This LSU team is not as bad as the Auburn team, which won zero games against the Power 5 competition. This LSU team is 4-3, with a pair of SEC wins, including Florida upset the Saturday. However, mid-season, it was decided that Coach O should leave. While Orgeron caught lightning in a coordinator / quarterback bottle with Joe Brady and Joe Burrow in 2019 and will likely never repeat it, getting a native Louisiana son out of his dream job quickly shows that loyalty is disposable. . LSU only cares about winning and only cares about winning lately. Are you 15-0 with 9-8 in the next 17 games?

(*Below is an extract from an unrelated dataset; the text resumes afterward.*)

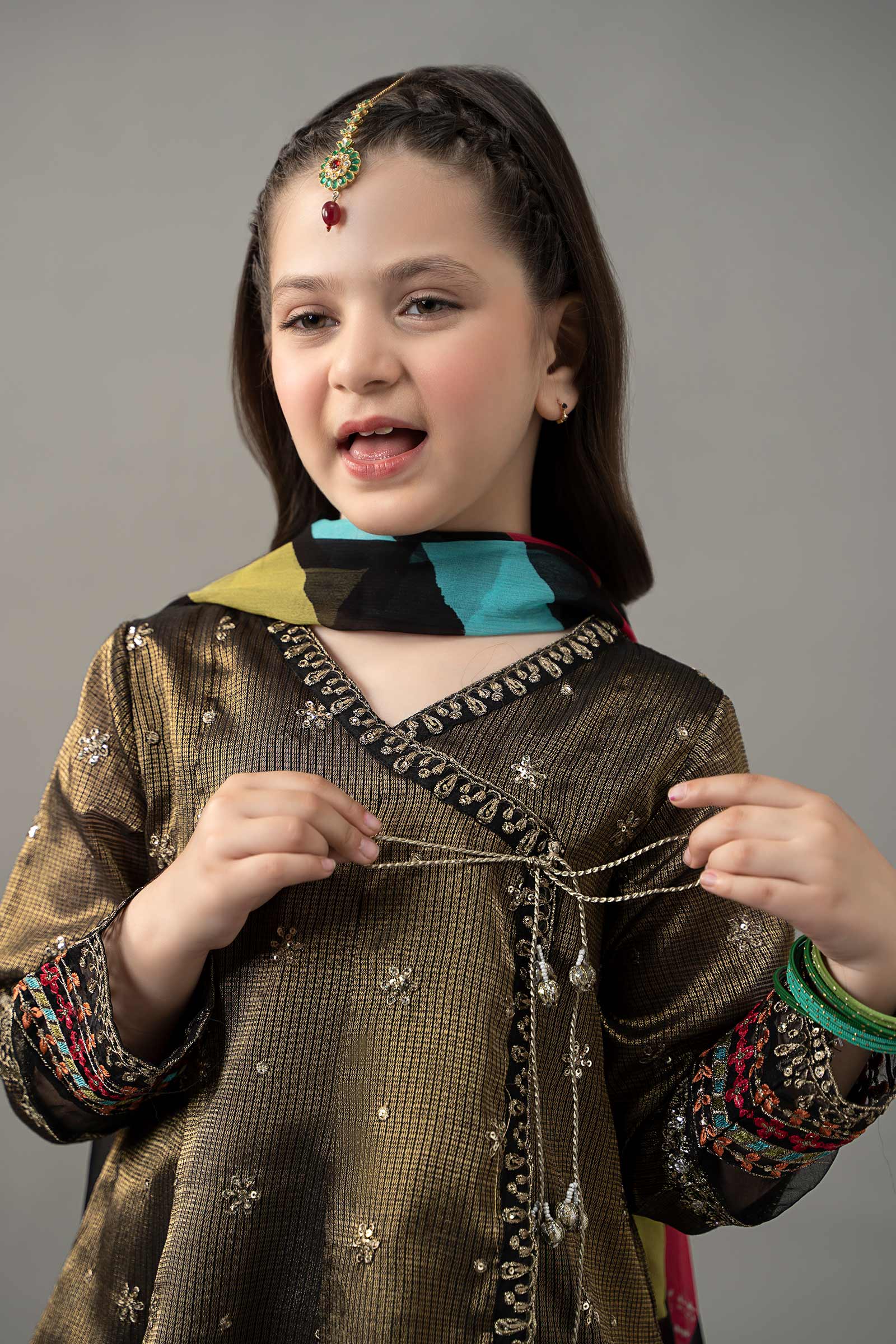 3 Piece Embroidered Cotton Zari Net Suit - Kids Clothing - available at Maria Faisal in UK and USA.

Have you gone.
Reports surfaced Sunday citing Orgeron’s alleged off-field actions while going through a recent divorce. The school has been embroiled in a Title IX lawsuit that names Orgeron among the defendants. And there have been some NCAA violations under Orgeron’s command. But if Coach O were undefeated again this season, does anyone think his job would be in the least danger?
Look, perspective has been in short supply in the league for decades. But now we are left with emergency rations. In Alabama, a fan shot and killed another last week while arguing during Crimson Tide’s loss to Texas A&M (5). That’s the same A&M that extended coach Jimbo Fisher’s contract a couple of months ago to a more than $ 90 million, 10-year contract. And future member Oklahoma (6) proved last week that he can get obsessed at the SEC level. He closed access to all media presumably because the student newspaper had the ingenuity to watch the practice through binoculars from a public building near the practice fields and report what everyone knew would happen: Caleb Williams was going to start out as quarterback against TCU.
In many places in the SEC, every expense, every shortcut, and every paranoid stance is justified if it leads to victory. And if not, scapegoats must be found: the officials, the head coach who handed over a national title but hasn’t endorsed it, whoever. And when the conference expands to 16 teams and the money stakes rise even higher, guess what? It will only get worse.
FOUR FOR THE PLAYOFF
The Dash’s weekly view of how the college football playoff would shake up, if today were Selection Sunday:
Orange Bowl: top seed Georgia (7) against the fourth sown Michigan State (8).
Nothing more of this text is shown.